Williams: “I had a pretty good consensus on a couple of teams when I first started looking at the market, whether it’s Indiana’s, Chicago’s, Atlanta’s, Charlotte’s, it was one of those where there were a lot of options, but the ones that were most concrete were the Dallas of the world, maybe Chicago and Atlanta or New York. Things got a little closer and closer, but they were still a little further away because Dallas was the main priority and they pursued really aggressively from the beginning. It was probably the only one that was coming to fruition , Dallas was the first priority and then there were backups in a way because of how [the Mavericks] attack the conversation. Other teams followed suit and tried to get deals done, but Dallas was just way too aggressive about it and it ended up working.”

Q: When Boston made the Kristaps Porzingis tradewas that a sign to you that you probably weren’t going back?

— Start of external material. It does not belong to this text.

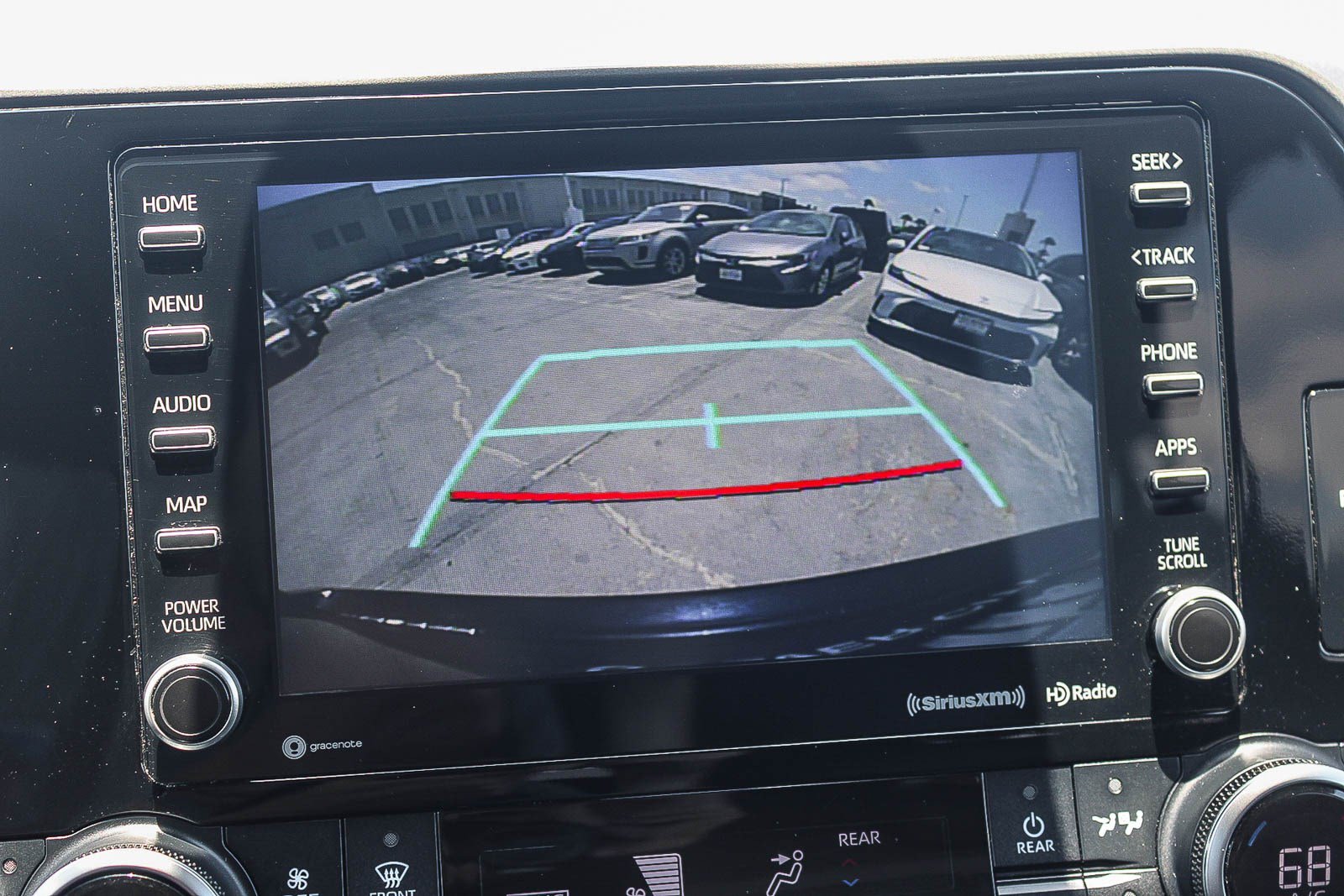Used 2021 Toyota Highlander XLE FWD image 25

Williams: “Oh yes, I had a pretty good understanding from the start that I probably wasn’t. Even before free agency, before the Kristaps trade, I was like, I’m probably not coming back. Not because of anything bad, just more similar option elsewhere. Where I wanted to see myself for my career and how it went. I want to win, but I also want to compete and influence winning, and be an asset to a team on and off the floor. I thought I had a bit of it in Boston and then my role was diminished, up and down the last year. And I came back in a situation where I would probably be in a similar position and then you add Kristaps and that made it like a 100% guarantee to move.”

Q: Do you have an idea of ​​like, the best version of yourself? What is it? What role do you play in?

Williams: “Yeah, in a perfect world. In the role I play, it looks like being a versatile defender guarding the best player. High energy guy, but also being able to be part of the offense and utilized well. Not just the spot-up 3s and all, but I feel like the progression I’ve made has been a lot like, in actions where it’s breaking into a roll, pick and pop game, being involved and being able to get actions where you can play like “Sl oh me!” And either fake the handoff or handoff to one of the better guys like Kyrie or Luka, then screen and roll and make a play at the rim.

“I feel like that’s probably the best role that I can be in right now. Just because that’s the kind of skill set that I developed, not just in Boston, but elsewhere. Maybe as the years go by I’ll develop into more, get the ball in my hands a little bit more. But the way I look at it is the best opportunity that I’ll ever be in, right now, is going to be ‘involved’ on the offensive end and ‘challenging’ on the defensive end.”